Twenty years ago, cell phones were limited to use by businessmen. Then, within 10 years, cell phones became more common place. Now almost everyone has a cell phone, and, according to Pew Research’s latest data (from February 2012), “nearly half (46%) of American adults are smartphone owners.” In the 14 months since the article was published, I’m guessing we’re now well over 50% of American adults.
The Benefits of Smartphones
To be sure, smartphones are convenient. If you’re traveling, and you’re lost, there’s no need to stop at a gas station and ask for directions; your smartphone can get you back on track. If you want to try a new restaurant when you’re out but don’t know if it’s worth your money, just check reviews online with your smartphone.
Smartphones can save you money, too. Many manufacturers and retailers are releasing coupons that are only available via smartphone. You can use your smartphone to compare prices at stores and online before you make a purchase.

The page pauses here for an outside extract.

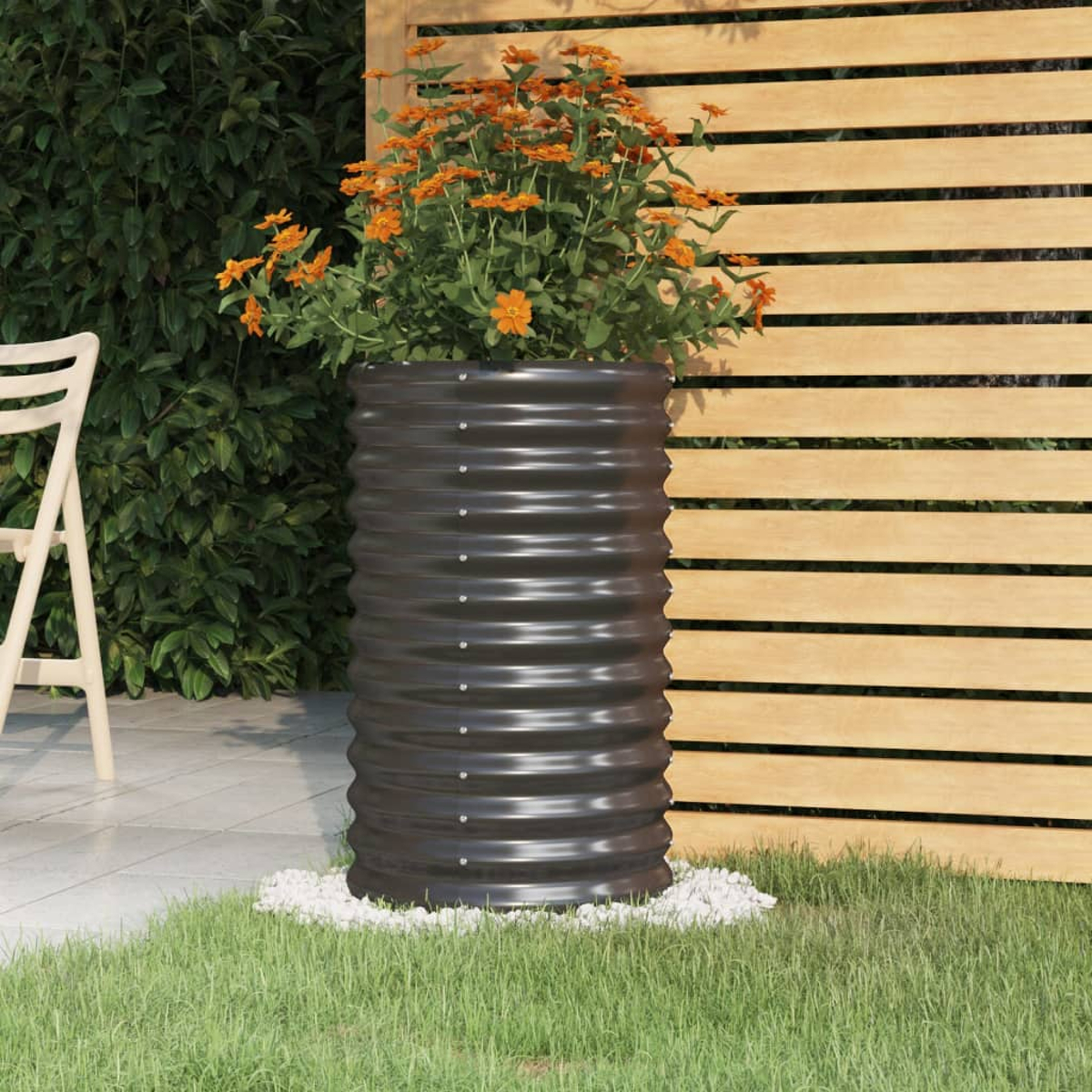 Ein dunkler Metallpflanzkübel mit orangefarbenen Blumen steht auf weißen Steinen. Ein Holzzaun und grünes Laub bilden den Hintergrund.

Smartphones can also help you sync your busy schedule with your family members.
Truly, how can anyone live without a smartphone?
The Downside of Smartphones
However, owning a smartphone is not always rosy. There can be a dark side to smartphone ownership.
Simply put, you can become addicted to your smartphone. I have a friend who, whenever she visits or comes over for a holiday meal, is there with us physically, but she’s actually light years away mentally.
She simply can’t put down her smartphone. She is always checking it, and she often retreats to another room to use her smartphone. Unfortunately, she seems to be the norm rather than the exception. You’ve likely seen moms at the park who are too engrossed with their smartphones to watch their children play.
Besides the addictive nature of smartphones, they can also be expensive. If money is not an issue for you, that probably doesn’t matter. However, if you are trying to cut corners, you need to evaluate whether the money you save using your smartphone allows you to recoup the money you spend to have a smartphone every month.
Reducing Your Smartphone Usage
Stepping down from technology can be difficult. If you decide to downgrade from a smartphone to a dumbphone, you’ll likely feel withdrawal. You may need a few months to adjust, but you’ll probably find more of your time freed up because you won’t be using the smartphone all the time.
However, if you decide to keep your smartphone, try to set up boundaries so you don’t let the technology rule your life. For instance, you might decide that you won’t bring your smartphone with you when you take the kids to the park or that when you come home from work at night, you’ll put the smartphone in a box and not use it until the kids are down for the night.
Do you have a smartphone? Have you struggled with how often you use it and how much it costs?